STORED DATA:
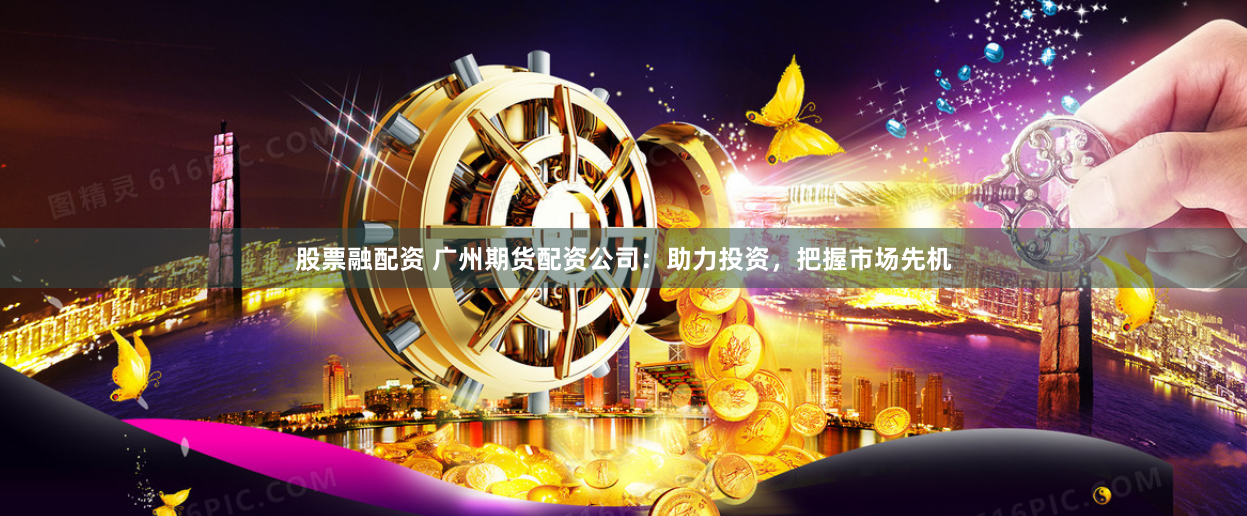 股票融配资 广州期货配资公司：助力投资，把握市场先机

...

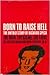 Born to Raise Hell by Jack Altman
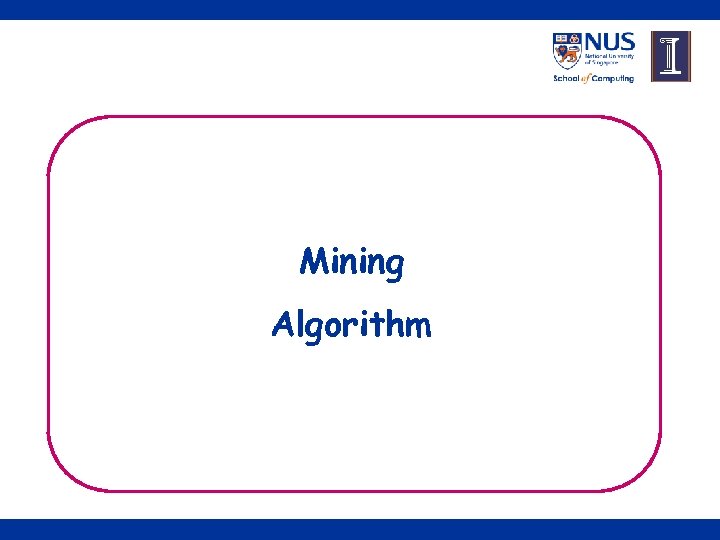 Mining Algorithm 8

BRIEF: Only one stretch of the data is wanted: write out exactly the lines from the one holding "Born to Raise Hell by Jack Altman" through the one holding "Mining Algorithm 8", both included, without the pictures.

ANSWER BOX:
 Born to Raise Hell by Jack Altman
 Mining Algorithm 8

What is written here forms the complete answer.